YOUR ASSIGNMENT:
Would it be possible to quote, exactly and in full, the lines from the one with "FanRoll Fold Up" through the end of the entries below?
::: MATERIAL SHOWN :::
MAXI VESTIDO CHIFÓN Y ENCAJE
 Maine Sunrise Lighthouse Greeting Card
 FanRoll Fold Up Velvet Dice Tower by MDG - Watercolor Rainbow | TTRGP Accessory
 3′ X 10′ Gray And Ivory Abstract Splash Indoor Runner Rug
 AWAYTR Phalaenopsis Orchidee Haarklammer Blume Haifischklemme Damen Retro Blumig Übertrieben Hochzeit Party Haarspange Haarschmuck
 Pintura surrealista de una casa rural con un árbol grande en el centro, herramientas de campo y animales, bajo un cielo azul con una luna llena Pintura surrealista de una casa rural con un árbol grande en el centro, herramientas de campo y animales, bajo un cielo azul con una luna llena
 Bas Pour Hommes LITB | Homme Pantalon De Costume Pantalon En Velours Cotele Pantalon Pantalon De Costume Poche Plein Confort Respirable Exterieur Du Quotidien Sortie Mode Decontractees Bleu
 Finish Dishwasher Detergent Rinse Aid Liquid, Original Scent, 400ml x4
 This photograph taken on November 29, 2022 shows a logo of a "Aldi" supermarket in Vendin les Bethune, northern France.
:::
RESULT BELOW:
 FanRoll Fold Up Velvet Dice Tower by MDG - Watercolor Rainbow | TTRGP Accessory
 3′ X 10′ Gray And Ivory Abstract Splash Indoor Runner Rug
 AWAYTR Phalaenopsis Orchidee Haarklammer Blume Haifischklemme Damen Retro Blumig Übertrieben Hochzeit Party Haarspange Haarschmuck
 Pintura surrealista de una casa rural con un árbol grande en el centro, herramientas de campo y animales, bajo un cielo azul con una luna llena Pintura surrealista de una casa rural con un árbol grande en el centro, herramientas de campo y animales, bajo un cielo azul con una luna llena
 Bas Pour Hommes LITB | Homme Pantalon De Costume Pantalon En Velours Cotele Pantalon Pantalon De Costume Poche Plein Confort Respirable Exterieur Du Quotidien Sortie Mode Decontractees Bleu
 Finish Dishwasher Detergent Rinse Aid Liquid, Original Scent, 400ml x4
 This photograph taken on November 29, 2022 shows a logo of a "Aldi" supermarket in Vendin les Bethune, northern France.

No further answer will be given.